Comment ne pas dépenser quelques minutes devant les drames, les désastres, les figures, les pittoresques accidents qui vous assaillent au milieu de cette mouvante reine des cités, vêtue d'affiches et qui néanmoins n'a pas un coin de propre, tant elle est complaisante aux vices de la nation française! A qui n'est-il pas arrivé de partir, le matin, de son logis pour aller aux extrémités de Paris, sans avoir pu en quitter le centre à l'heure du dîner? Ceux-là sauront excuser ce début vagabond qui, cependant, se résume par une observation éminemment utile et neuve, autant qu'une observation peut être neuve à Paris, où il n'y a rien de neuf, pas même la statue posée d'hier sur laquelle un gamin a déjà mis son nom. Oui donc, il est des rues, ou des fins de rue, il est certaines maisons, inconnues pour la plupart aux personnes du grand monde, dans lesquelles une femme appartenant à ce monde ne saurait aller sans faire penser d'elle les choses les plus cruellement blessantes. Si cette femme est riche, si elle a voiture, si elle se trouve à pied, ou déguisée, en quelques-uns de ces défilés du pays parisien, elle y compromet sa réputation d'honnête femme. Mais si, par hasard, elle y est venue à neuf heures du soir, les conjectures qu'un observateur peut se permettre deviennent épouvantables par leurs conséquences.

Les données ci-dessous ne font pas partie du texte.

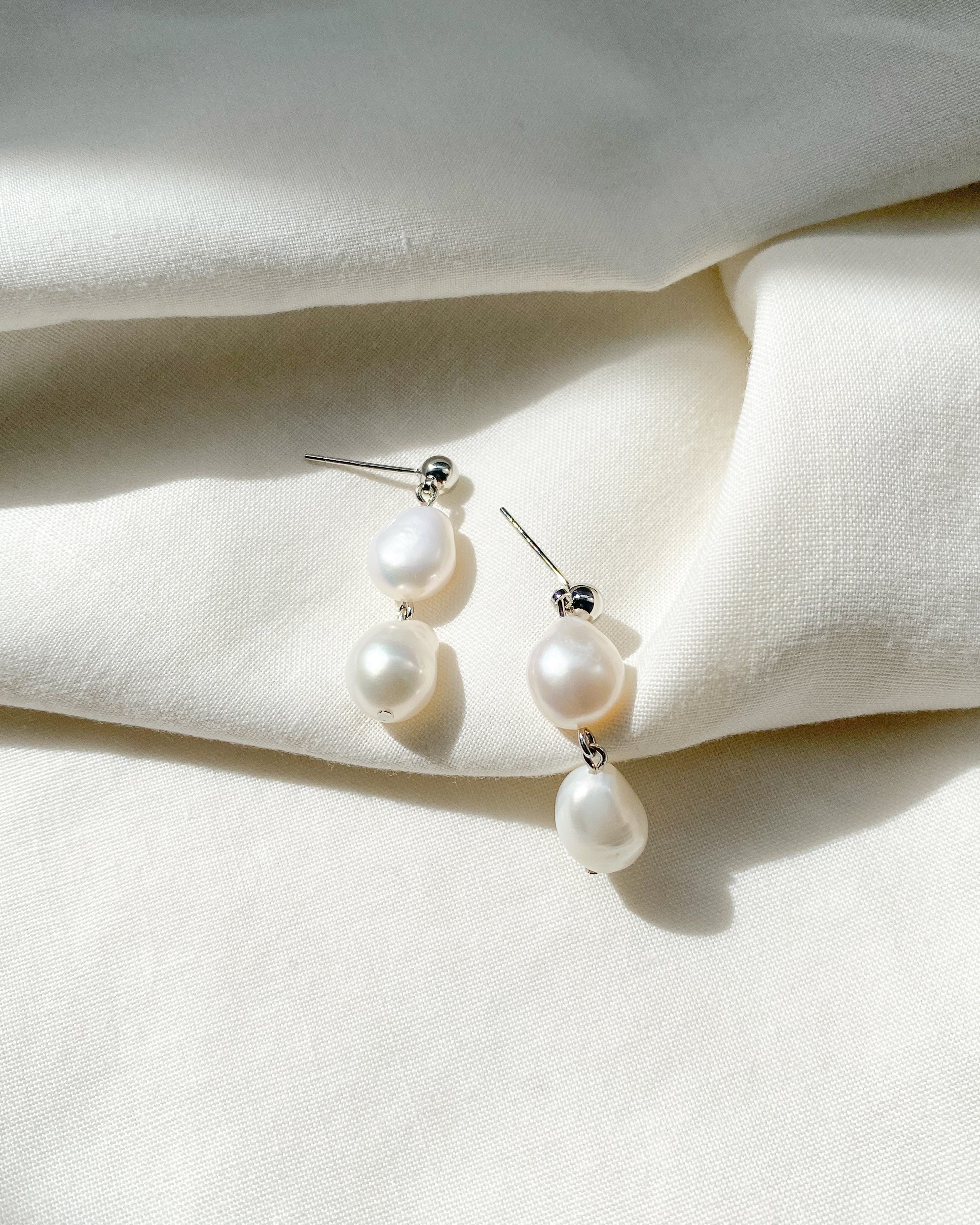 Elisse Double Pearl Drop Studs - Image 10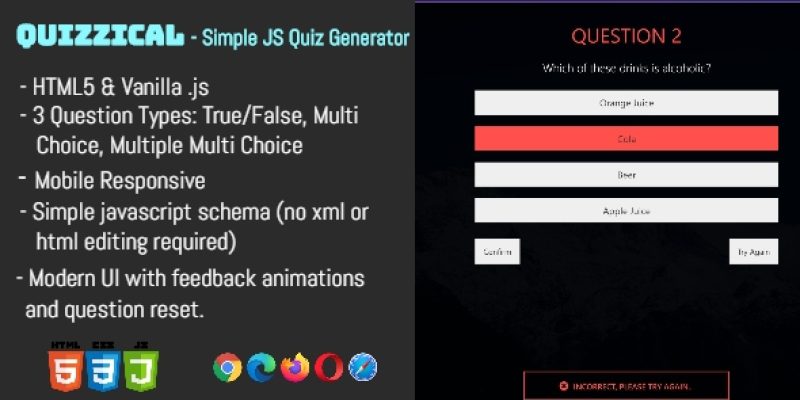 Quizzical – The Javascript HTML Quiz Generator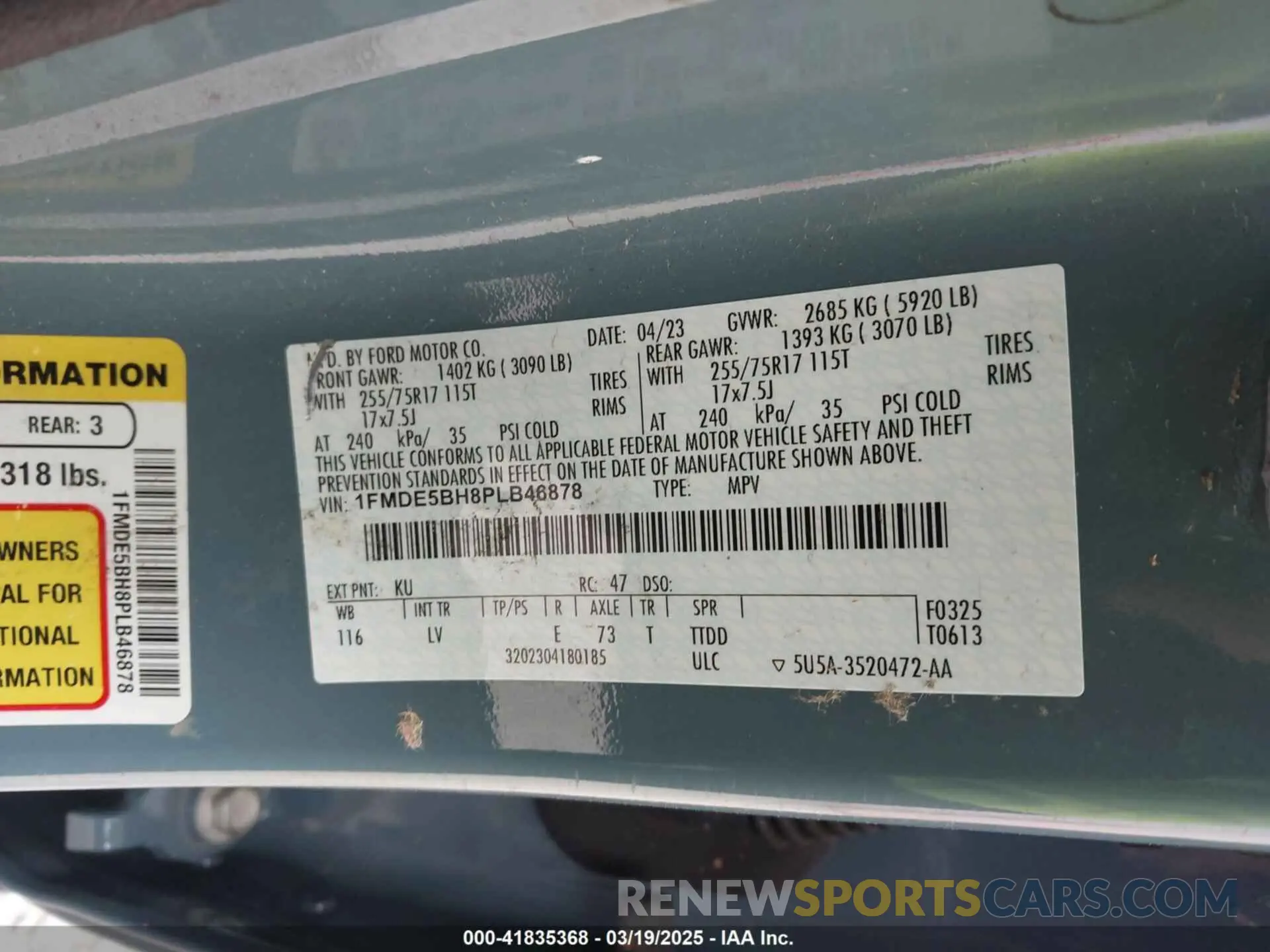 9 Photograph of a damaged car 1FMDE5BH8PLB46878 FORD BRONCO 2023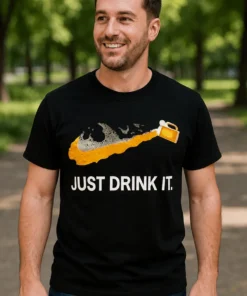 T-shirt humoristique Just drink it bière avec slogan JUST DRINK IT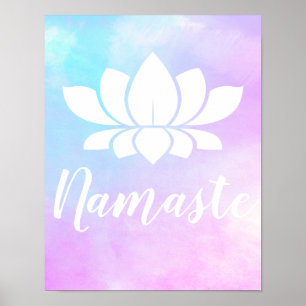 Yoga Namaste White Lotus Flower & Pastels Poster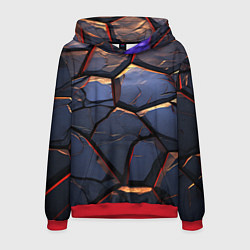 Толстовка-худи мужская Темная абстрактная объемная плитка, цвет: 3D-красный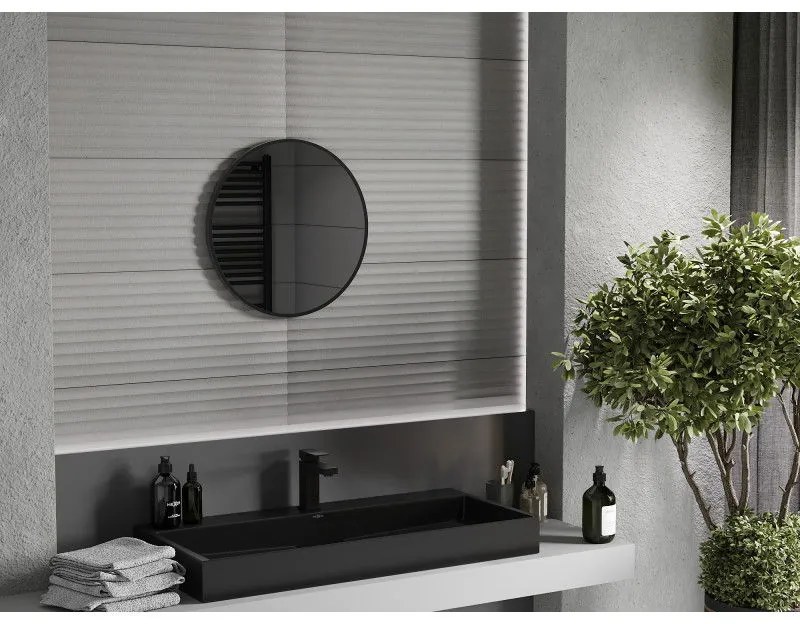 Mexen Loft, okrúhle kúpeľňové zrkadlo 50 cm, farba rámu čierna matná, 9850-050-050-000-70
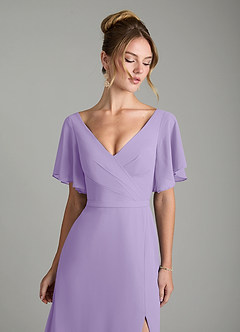 Azazie Ambrosia Bridesmaid Dresses Lilac A-Line Pleated Chiffon Dress image3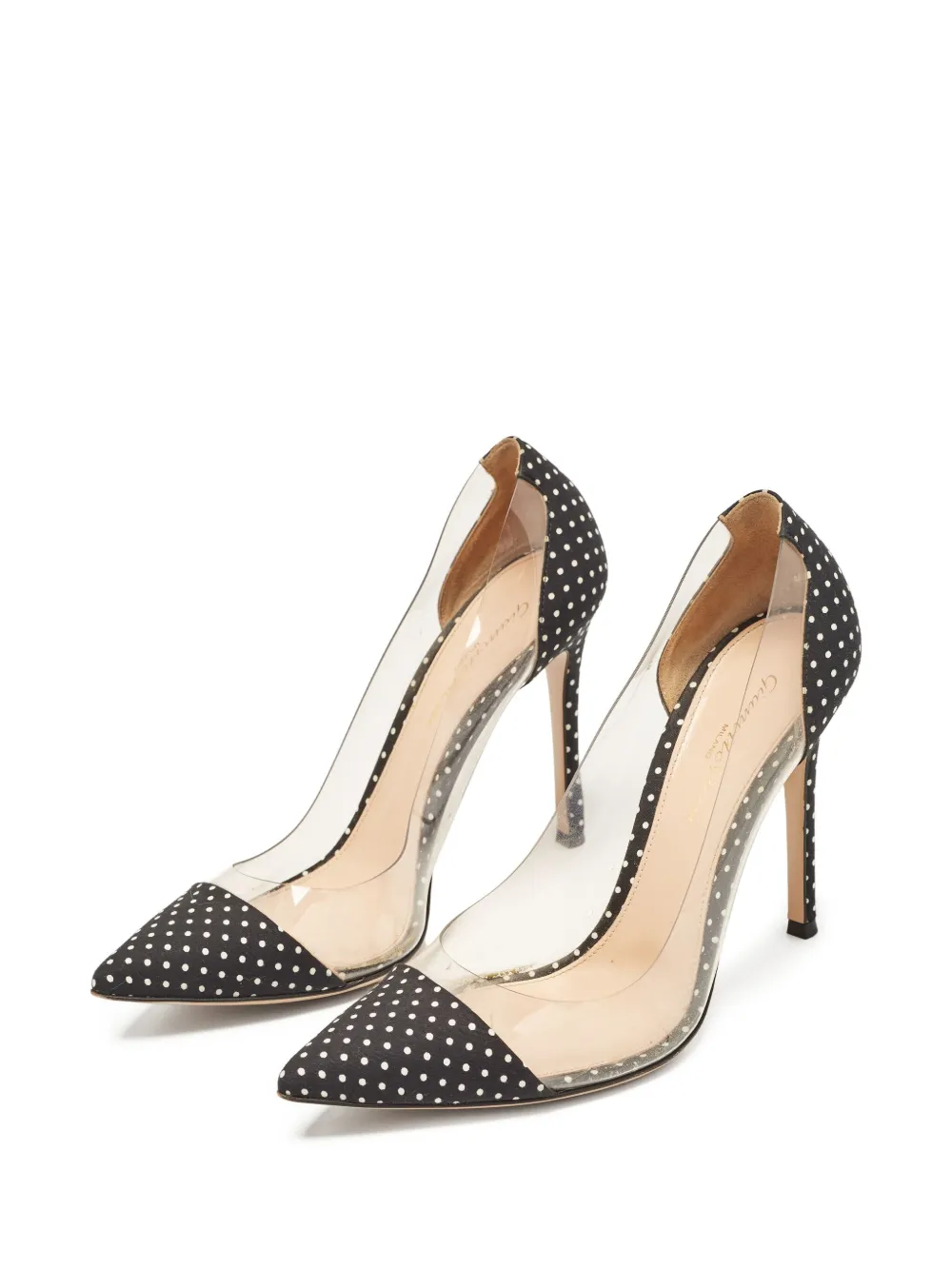 Gianvito Rossi プレオウンド ポルカドット パンプス 105mm - ホワイト Gianvito Rossi プレオウンド ポルカドット パンプス 105mm - ホワイト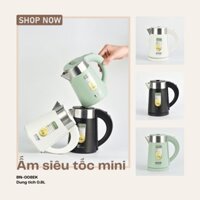 Ấm Siêu Tốc Mini 2 lớp dung tích 0,8 lít giữ nhiệt nhỏ gọn, tiện dụng, dễ mang đi Bennix BN-008EK, Bảo hành chính hãng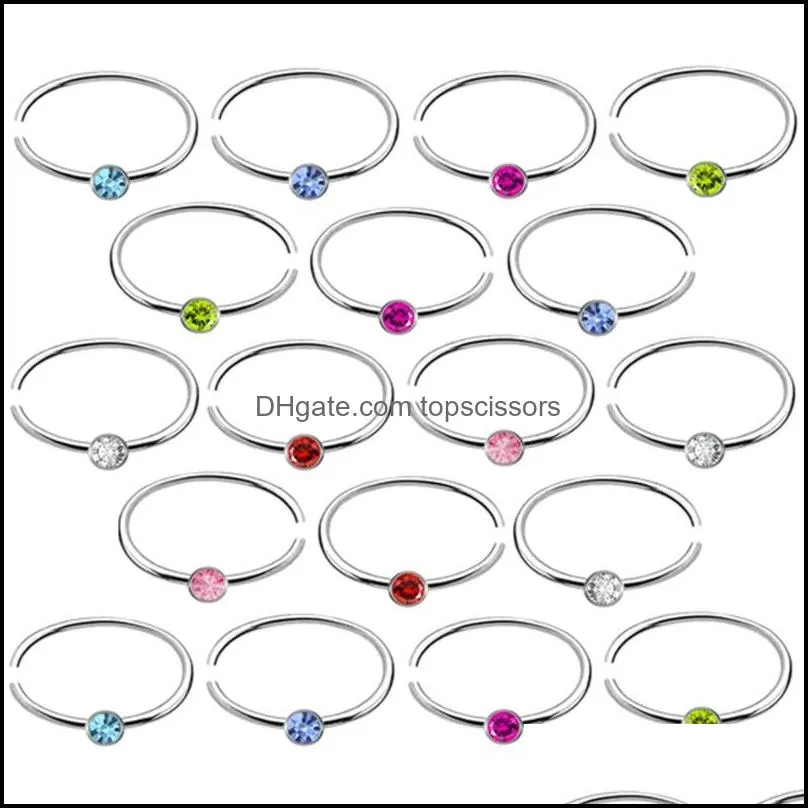 40 pieces nose ring with stone colorful surgical steel noses cartilage rings set for both men and women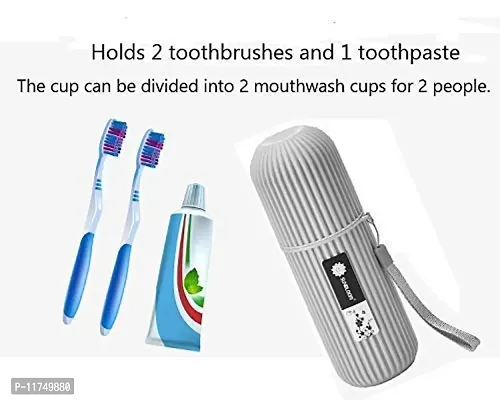 Topinon 2Pc Capsule Shape Travel Toothbrush Toothpaste Case Holder Portable Toothbrush Storage Plastic Toothbrush Holder-Mulit-thumb4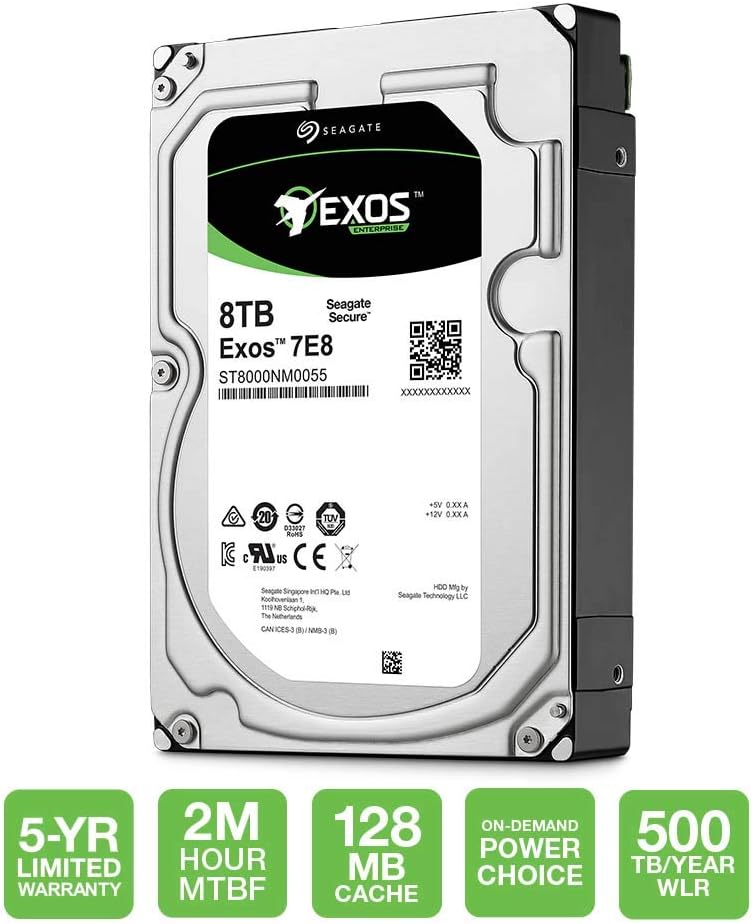 Seagate 8TB Enterprise Capacity 3.5 HDD 7200RPM SATA 6Gbps 256 MB Cache Internal Bare Drive (ST8000NM0055)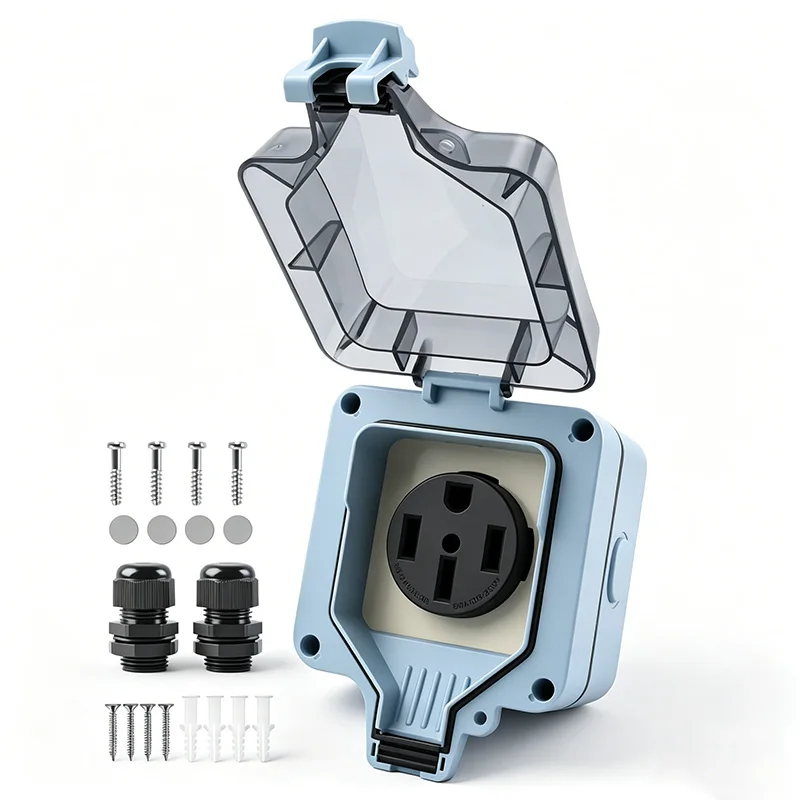 Outdoor Power Outlet Box Waterproof IP66 50A 125v250V Plug Socket with Outdoor Outlet Cover Use for Garden Outdoor Indoor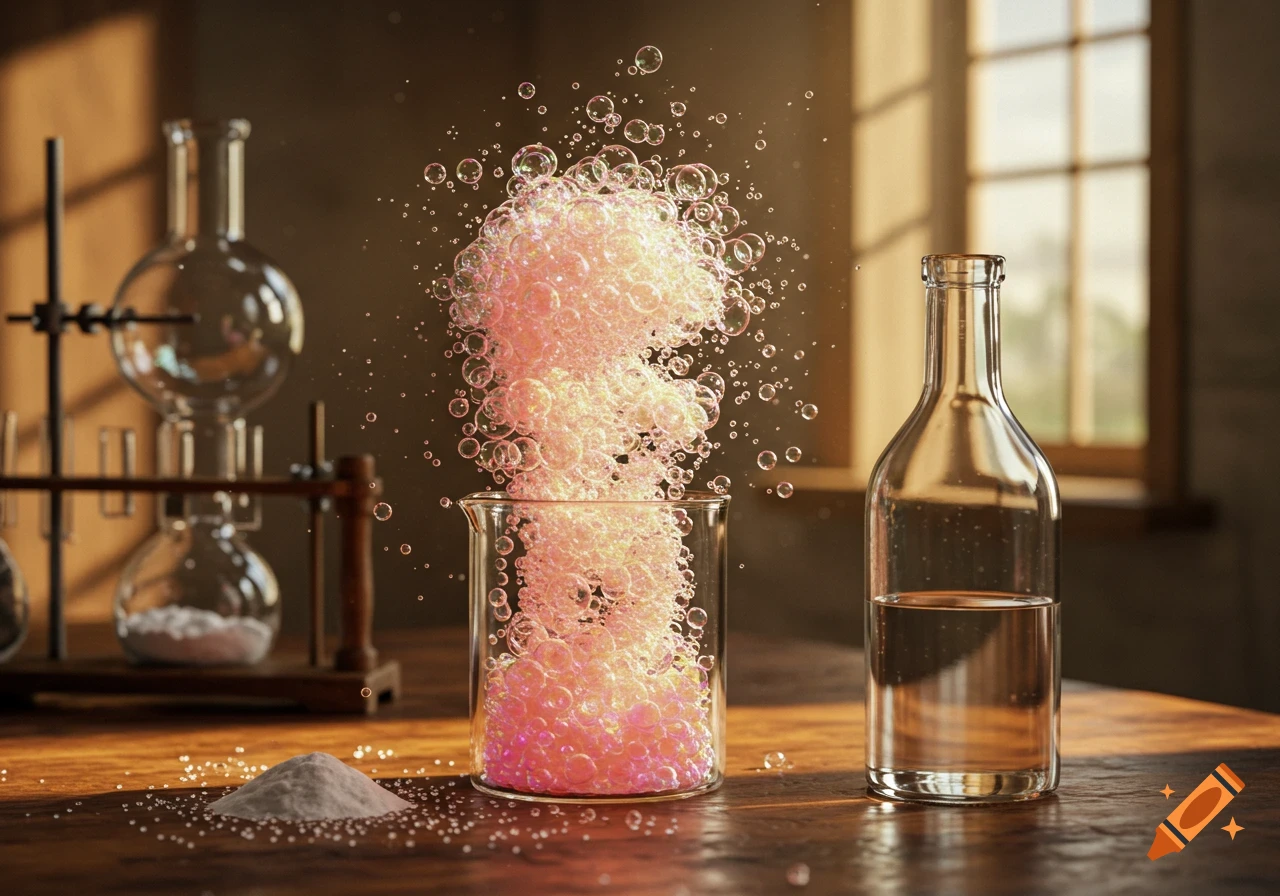 Pink and white bubbles erupt from a beaker on a wooden table in a laboratory setting, with other glassware nearby.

Enfin, si cette femme est jeune et jolie, si elle entre dans quelque maison d'une de ces rues; si la maison a une allée longue et sombre, humide et puante; si au fond de l'allée tremblote la lueur pâle d'une lampe, et que sous cette lueur se dessine un horrible visage de vieille femme aux doigts décharnés: en vérité, disons-le, par intérêt pour les jeunes et jolies femmes, cette femme est perdue. Elle est à la merci du premier homme de sa connaissance qui la rencontre dans ces marécages parisiens. Mais il y a telle rue de Paris où cette rencontre peut devenir le drame le plus effroyablement terrible, un drame plein de sang et d'amour, un drame de l'école moderne. Malheureusement, cette conviction, ce dramatique sera, comme le drame moderne, compris par peu de personnes; et c'est grand'pitié que de raconter une histoire à un public qui n'en épouse pas tout le mérite local. Mais qui peut se flatter d'être jamais compris? Nous mourons tous inconnus. C'est le mot des femmes et celui des auteurs.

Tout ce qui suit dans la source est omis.